Following the Germany match, Scolari correctly took the blame for the loss. It’s his job to get his team ready regardless of the circumstances, and he plainly failed. This should’ve been a competitive side regardless of Silva and Neymar’s presence. No team should be better equipped to replace a player of Neymar’s caliber with a viable facsimile. Wllian, Oscar, Bernard, and Hulk, though not at the level of Neymar, are among the world’s most creative and dangerous in attack. And though Scolari may have found it more difficult to replace Silva at the heart of his defense, Dante should have been a more than adequate stop-gap.

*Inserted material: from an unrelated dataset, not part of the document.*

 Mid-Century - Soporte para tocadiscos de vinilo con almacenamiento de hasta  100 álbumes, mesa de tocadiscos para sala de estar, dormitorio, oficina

Scolari, though, must have sensed his team was in trouble. Brazil’s desperate attempt to reinstate Silva for the match revealed as much. The nation’s panic and bizarre inspirational strategy (Neymar masks?) certainly couldn’t have helped the atmosphere in the camp. Brazil’s pre-game display, honoring Neymar during the national anthem, served as yet another reminder of what – and who – they were missing.
As Scolari noted, the match seemed level at the outset. Brazil’s fragile belief, it appeared, was still intact. They, like their fans, were still wearing Neymar’s mask. Germany’s early goal off a set piece cracked the mask’s veneer, their second shattered it. Without Silva and under duress, Brazil’s backline and midfield quickly descended into David-Luiz-helmed anarchy. Without Neymar, the pressure had reached a boiling point. There was no outlet. Brazil had lost both its moon and its magnetic field. Within six minutes the score would be 5-0, and Brazil had lost its World Cup.